MATERIAL SHOWN Block Start
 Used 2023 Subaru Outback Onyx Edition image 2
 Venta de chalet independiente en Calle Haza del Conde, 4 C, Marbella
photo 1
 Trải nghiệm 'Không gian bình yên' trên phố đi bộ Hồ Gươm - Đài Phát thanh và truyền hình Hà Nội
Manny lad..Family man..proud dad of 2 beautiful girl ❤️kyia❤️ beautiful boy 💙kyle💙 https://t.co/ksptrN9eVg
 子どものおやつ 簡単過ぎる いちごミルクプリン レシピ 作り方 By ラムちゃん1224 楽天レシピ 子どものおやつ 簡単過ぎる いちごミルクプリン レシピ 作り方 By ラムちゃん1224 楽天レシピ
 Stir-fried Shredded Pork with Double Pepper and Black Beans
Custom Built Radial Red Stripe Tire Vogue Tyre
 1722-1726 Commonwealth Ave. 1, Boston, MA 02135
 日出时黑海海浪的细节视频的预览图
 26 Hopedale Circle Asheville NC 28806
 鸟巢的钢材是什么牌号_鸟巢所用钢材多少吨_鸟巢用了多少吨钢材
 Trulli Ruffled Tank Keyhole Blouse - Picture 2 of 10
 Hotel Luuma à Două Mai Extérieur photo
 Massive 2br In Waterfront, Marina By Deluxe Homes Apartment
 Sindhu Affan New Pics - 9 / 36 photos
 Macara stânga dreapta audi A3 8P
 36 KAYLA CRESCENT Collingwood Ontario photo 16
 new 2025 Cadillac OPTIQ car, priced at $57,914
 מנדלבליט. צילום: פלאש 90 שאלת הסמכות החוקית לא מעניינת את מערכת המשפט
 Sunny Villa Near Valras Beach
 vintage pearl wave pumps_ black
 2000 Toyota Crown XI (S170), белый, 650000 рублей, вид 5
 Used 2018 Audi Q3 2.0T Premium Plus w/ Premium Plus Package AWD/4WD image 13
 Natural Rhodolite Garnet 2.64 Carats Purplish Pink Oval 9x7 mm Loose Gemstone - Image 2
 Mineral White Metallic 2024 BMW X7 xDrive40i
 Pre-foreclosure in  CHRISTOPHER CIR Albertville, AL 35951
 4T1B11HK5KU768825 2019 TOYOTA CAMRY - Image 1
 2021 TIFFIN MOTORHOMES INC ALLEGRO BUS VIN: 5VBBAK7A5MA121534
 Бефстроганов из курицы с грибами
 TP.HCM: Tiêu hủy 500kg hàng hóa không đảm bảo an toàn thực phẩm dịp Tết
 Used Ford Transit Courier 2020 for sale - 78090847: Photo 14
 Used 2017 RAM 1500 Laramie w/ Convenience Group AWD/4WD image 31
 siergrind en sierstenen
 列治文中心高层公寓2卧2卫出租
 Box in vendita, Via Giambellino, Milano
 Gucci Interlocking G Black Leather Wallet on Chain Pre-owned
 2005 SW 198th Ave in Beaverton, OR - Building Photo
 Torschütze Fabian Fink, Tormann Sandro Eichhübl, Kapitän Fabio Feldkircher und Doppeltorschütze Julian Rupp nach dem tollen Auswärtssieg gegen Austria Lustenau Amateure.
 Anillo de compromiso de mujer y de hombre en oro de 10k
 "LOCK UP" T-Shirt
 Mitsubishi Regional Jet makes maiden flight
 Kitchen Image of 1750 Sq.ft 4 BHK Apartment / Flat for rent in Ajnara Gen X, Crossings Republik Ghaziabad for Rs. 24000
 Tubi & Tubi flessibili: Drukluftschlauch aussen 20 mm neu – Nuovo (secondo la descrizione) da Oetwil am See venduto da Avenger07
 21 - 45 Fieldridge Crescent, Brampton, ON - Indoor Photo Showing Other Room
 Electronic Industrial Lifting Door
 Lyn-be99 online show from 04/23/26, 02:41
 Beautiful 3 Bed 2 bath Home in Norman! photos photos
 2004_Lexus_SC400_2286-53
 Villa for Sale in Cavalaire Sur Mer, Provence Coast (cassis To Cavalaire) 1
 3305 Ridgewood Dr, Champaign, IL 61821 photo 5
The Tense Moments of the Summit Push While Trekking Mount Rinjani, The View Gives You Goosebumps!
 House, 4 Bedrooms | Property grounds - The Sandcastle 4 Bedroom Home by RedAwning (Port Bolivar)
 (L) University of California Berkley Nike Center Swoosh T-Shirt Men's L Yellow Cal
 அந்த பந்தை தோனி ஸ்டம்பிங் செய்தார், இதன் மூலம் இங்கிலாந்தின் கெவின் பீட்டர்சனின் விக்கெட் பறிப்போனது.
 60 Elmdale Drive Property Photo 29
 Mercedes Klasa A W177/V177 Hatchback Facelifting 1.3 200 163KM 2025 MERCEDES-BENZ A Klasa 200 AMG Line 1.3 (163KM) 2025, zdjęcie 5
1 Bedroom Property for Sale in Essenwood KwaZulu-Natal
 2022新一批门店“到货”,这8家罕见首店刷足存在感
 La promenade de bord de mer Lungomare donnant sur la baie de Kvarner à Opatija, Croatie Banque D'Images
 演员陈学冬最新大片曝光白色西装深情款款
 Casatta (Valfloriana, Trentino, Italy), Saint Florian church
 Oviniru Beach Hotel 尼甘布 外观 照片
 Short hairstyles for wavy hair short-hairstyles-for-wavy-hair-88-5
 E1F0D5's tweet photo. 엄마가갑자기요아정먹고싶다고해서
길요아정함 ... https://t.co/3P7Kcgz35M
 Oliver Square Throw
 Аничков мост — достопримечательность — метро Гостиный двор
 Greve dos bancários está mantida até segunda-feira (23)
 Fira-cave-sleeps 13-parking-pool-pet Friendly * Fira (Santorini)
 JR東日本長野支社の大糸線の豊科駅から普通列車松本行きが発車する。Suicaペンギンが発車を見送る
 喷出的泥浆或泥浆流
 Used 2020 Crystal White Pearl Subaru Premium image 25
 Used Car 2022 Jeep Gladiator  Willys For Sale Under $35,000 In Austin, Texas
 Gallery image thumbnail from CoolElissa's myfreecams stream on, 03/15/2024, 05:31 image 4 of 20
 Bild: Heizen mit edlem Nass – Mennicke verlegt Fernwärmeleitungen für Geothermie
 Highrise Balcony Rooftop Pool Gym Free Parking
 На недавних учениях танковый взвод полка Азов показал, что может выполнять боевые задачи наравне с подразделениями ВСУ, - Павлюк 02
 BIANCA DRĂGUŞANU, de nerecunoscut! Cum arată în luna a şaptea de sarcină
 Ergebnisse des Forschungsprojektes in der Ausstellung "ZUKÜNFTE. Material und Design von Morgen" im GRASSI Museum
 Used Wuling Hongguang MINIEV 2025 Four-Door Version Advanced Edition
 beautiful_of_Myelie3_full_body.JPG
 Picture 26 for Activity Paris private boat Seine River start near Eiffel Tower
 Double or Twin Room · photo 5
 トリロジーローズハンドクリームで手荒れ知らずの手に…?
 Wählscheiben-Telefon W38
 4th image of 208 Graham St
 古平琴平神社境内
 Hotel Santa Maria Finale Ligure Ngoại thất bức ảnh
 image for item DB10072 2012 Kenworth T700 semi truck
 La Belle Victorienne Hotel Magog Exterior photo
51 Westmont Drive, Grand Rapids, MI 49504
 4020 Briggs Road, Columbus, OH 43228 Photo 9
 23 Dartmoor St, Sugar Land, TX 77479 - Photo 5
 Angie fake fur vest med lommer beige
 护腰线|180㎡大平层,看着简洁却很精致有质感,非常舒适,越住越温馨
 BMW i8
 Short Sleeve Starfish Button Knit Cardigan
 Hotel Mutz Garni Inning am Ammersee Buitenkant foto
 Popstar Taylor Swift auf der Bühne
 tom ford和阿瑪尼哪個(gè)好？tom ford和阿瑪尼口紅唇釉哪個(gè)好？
MATERIAL SHOWN Block End
→ WHAT YOU ARE ASKED TO DO: Word for word, restate the listing above from its first line to the line with "Sindhu Affan New Pics - 9 / 36 photos", keeping both.

→ SOLUTION FOR THIS TASK:
 Used 2023 Subaru Outback Onyx Edition image 2
 Venta de chalet independiente en Calle Haza del Conde, 4 C, Marbella
photo 1
 Trải nghiệm 'Không gian bình yên' trên phố đi bộ Hồ Gươm - Đài Phát thanh và truyền hình Hà Nội
Manny lad..Family man..proud dad of 2 beautiful girl ❤️kyia❤️ beautiful boy 💙kyle💙 https://t.co/ksptrN9eVg
 子どものおやつ 簡単過ぎる いちごミルクプリン レシピ 作り方 By ラムちゃん1224 楽天レシピ 子どものおやつ 簡単過ぎる いちごミルクプリン レシピ 作り方 By ラムちゃん1224 楽天レシピ
 Stir-fried Shredded Pork with Double Pepper and Black Beans
Custom Built Radial Red Stripe Tire Vogue Tyre
 1722-1726 Commonwealth Ave. 1, Boston, MA 02135
 日出时黑海海浪的细节视频的预览图
 26 Hopedale Circle Asheville NC 28806
 鸟巢的钢材是什么牌号_鸟巢所用钢材多少吨_鸟巢用了多少吨钢材
 Trulli Ruffled Tank Keyhole Blouse - Picture 2 of 10
 Hotel Luuma à Două Mai Extérieur photo
 Massive 2br In Waterfront, Marina By Deluxe Homes Apartment
 Sindhu Affan New Pics - 9 / 36 photos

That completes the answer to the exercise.